Oliver Stone is the director of some of Hollywood’s most famous films, from “Platoon” to “Wall Street” to “JFK.” Last week he sat down in the Los Angeles offices of his production company, IXTLAN, to talk with Global Viewpoint Network editor Nathan Gardels about his recent documentary, “South of the Border,” and his upcoming release, “Wall Street: Money Never Sleeps.”

"South of the Border"

Nathan Gardels: As you show in your recent documentary, “South of the Border,” US diplomacy and the American media have reacted with general hostility to the empowerment of the poor and indigenous in Venezuela, Bolivia, Ecuador, Paraguay and, to some extent, in Brazil. Why is that?

Oliver Stone: I suppose it comes from the old imperial impulse of the US toward Latin America going back to the Monroe Doctrine, Teddy Roosevelt, the protection of American business interests, and support for military dictators throughout the cold war.
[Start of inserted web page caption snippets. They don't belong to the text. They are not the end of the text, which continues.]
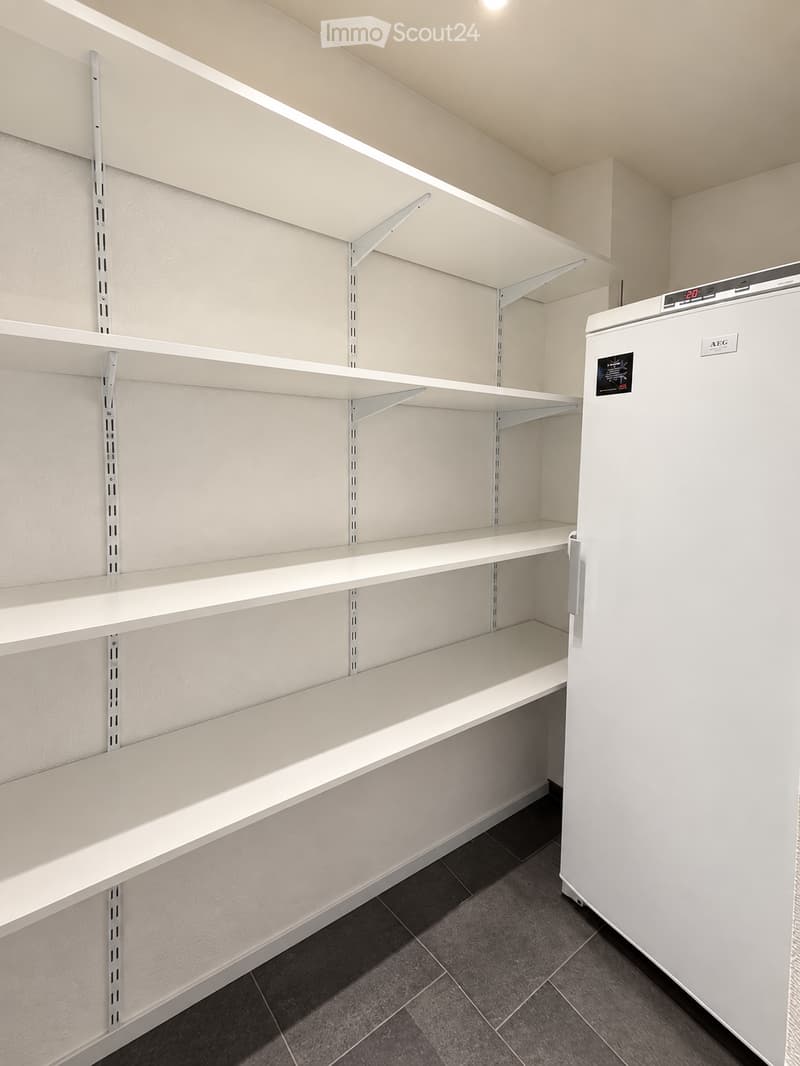 Empty room with white shelving units and a white refrigerator, featuring a dark tiled floor and light-colored walls.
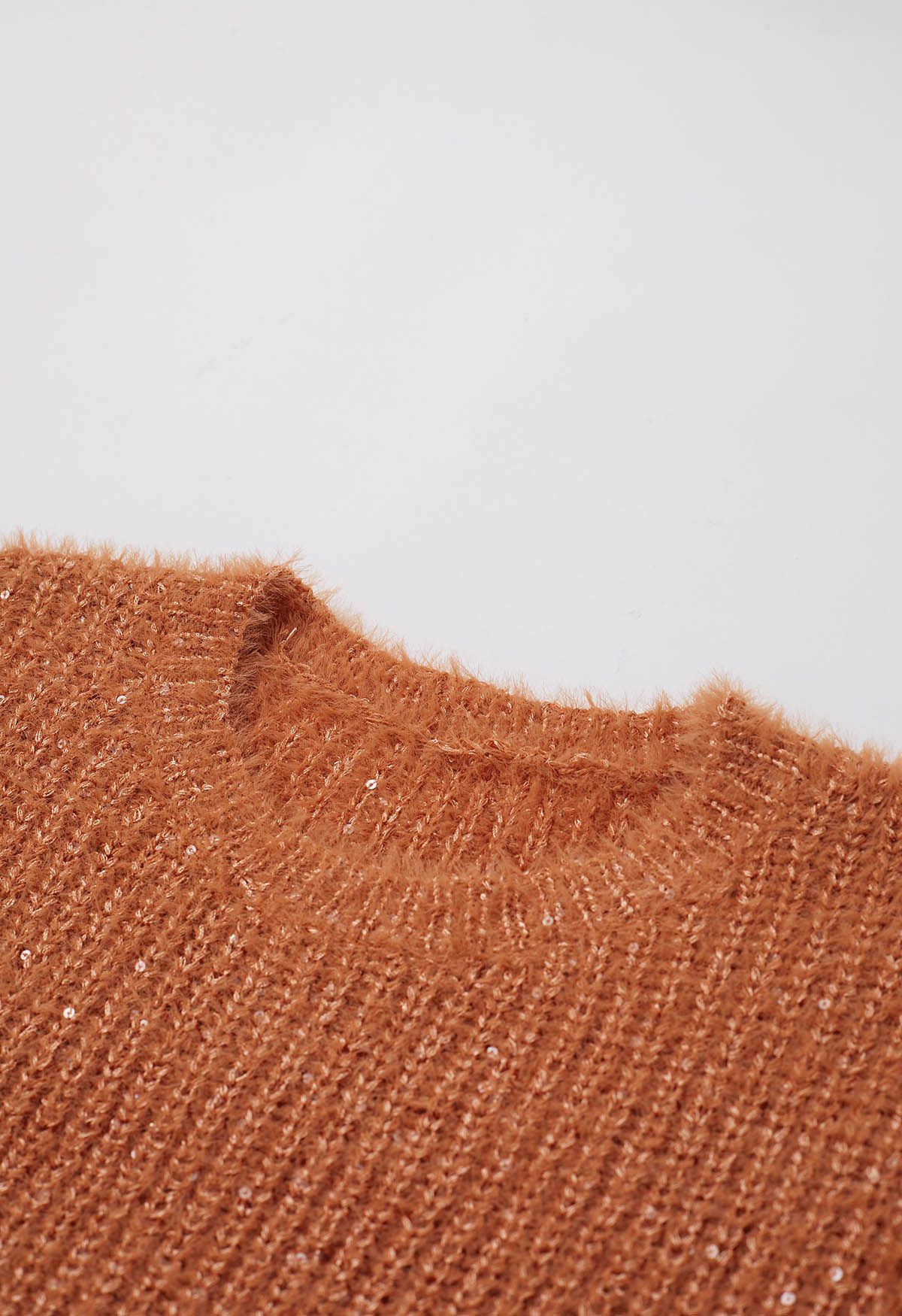 Suéter de manga corta con lentejuelas en naranja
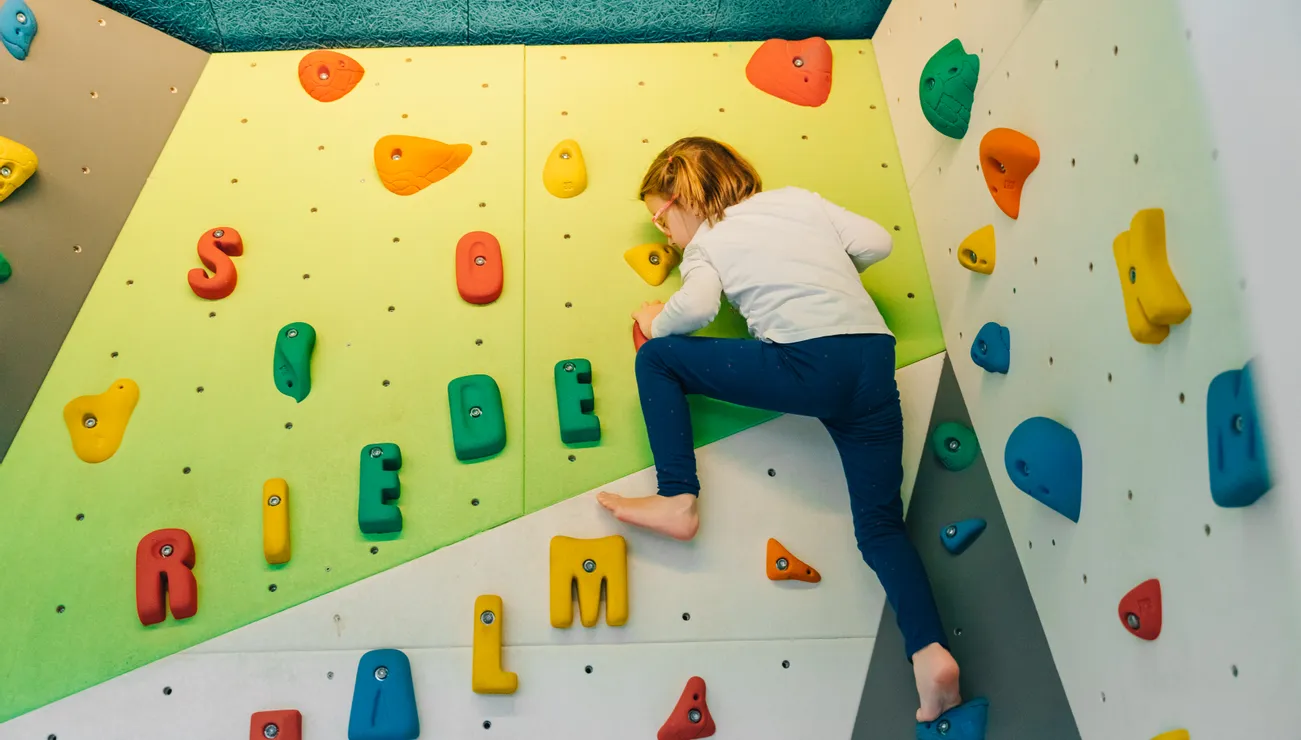 Kind klettert an Indoor-Boulderwand mit bunten Griffen in Buchstabenform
The US remains hostile to anyone on the left coming to power in their “backyard,” anyone who thinks the resources of a country belong to its people.
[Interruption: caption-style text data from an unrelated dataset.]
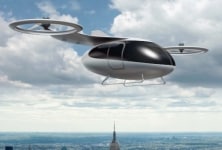 An eVTOL flies across an urban center. 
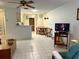 Living room features tile flooring that flows into the dining area and open kitchen space at 4197 66Th Street W Cir, Bradenton, FL 34209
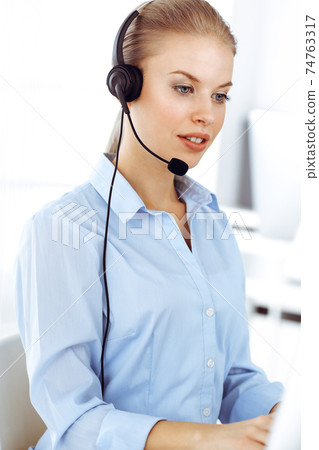 Blond woman call operator is using computer and headset for consulting clients online. Group of diverse people working as customer service occupation. Business concept 74763317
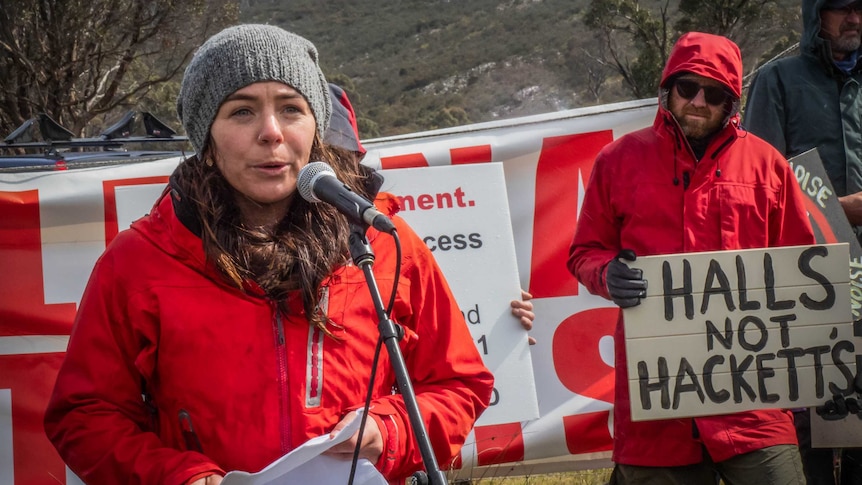 Adrien Butler stands in front of a microphone, wearing a grey beanie, red raincoat, with protest signs behind her.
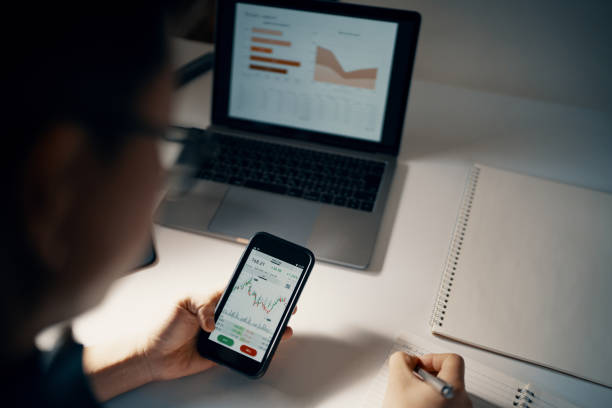 istock Mid adult man checking financial information on a smart phone while doing his bookkeeping 1365692509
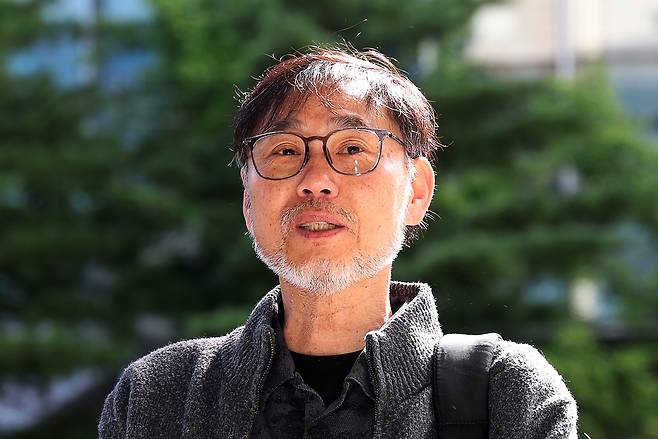 김순환 서민민생대책위원회 사무총장이 지난달 11일 오전 서울 영등포경찰서에서 취재진 질문에 답하고 있다. 뉴시스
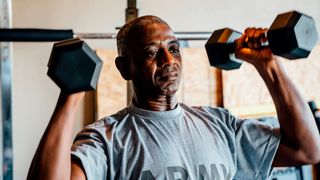 Man holding dumbbells by his shoulders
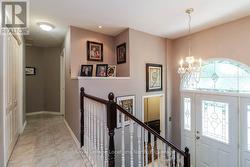 Bright Foyer + Hallway to Bedroom Area -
As Argentine president Cristina Kirchner points out in the film, for the first time since the Spanish Conquest, Latin America’s leaders look like the people they govern. Venezuela’s Hugo Chávez was raised in poverty. Bolivia’s Evo Morales is an indigenous Indian labor leader. [Brazil’s] Lula was a labor union leader who was not well educated. All three of these men were imprisoned at various times.

For the first time in modern history, much of South America is beyond US control, with the notable exception of Colombia under [Álvaro] Uribe, who has allowed seven US bases in the country. That is a big deal for the rest of the countries.
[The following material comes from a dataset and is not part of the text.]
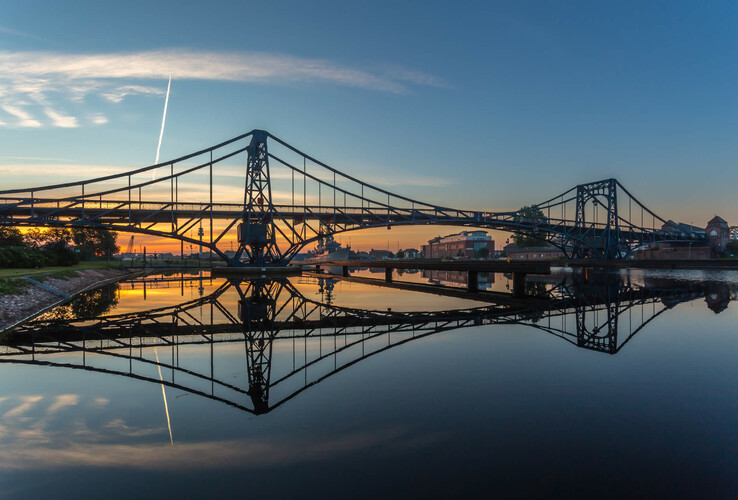 Sonnenuntergang über einer Brücke, die sich im ruhigen Wasser spiegelt.
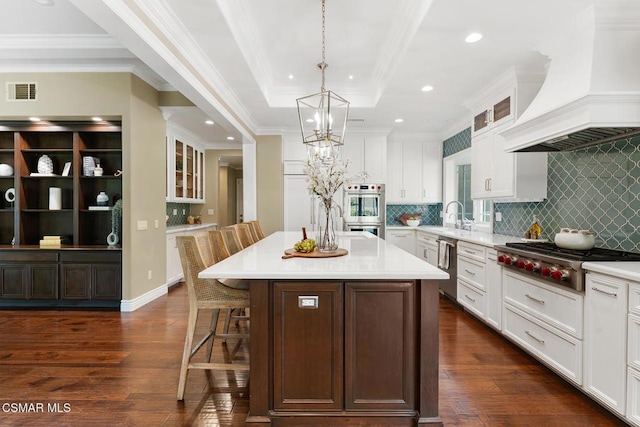 kitchen with a breakfast bar, pendant lighting, custom exhaust hood, a center island, and stainless steel appliances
It is also beyond the influence of the US-dominated IMF [International Monetary Fund]. In 2003, the IMF had [more than] $20 billion in loans outstanding to Latin American countries. Today, it’s about $1 billion. Lula tells in the film how he resisted the IMF’s effort to get him to roll over Brazil’s loans. He wanted out of the dependence.

The US media tend to ignore the fact that so many of the poor today are better off than under previous regimes. From 1980-2000 when neo-liberal policies reigned, growth was dismal, the gap between rich and poor grew far larger. Yet, until the Wall Street-induced recession, growth has been high across the region under this new breed of leftist leaders. From 2003-2008, for example, Venezuela’s economy nearly doubled in size. After [former Argentine President] Nestor Kirchner got rid of the IMF loans [after he came to power], unemployment dropped from 20 to 8 percent, and the economy grew 63 percent over 6 years.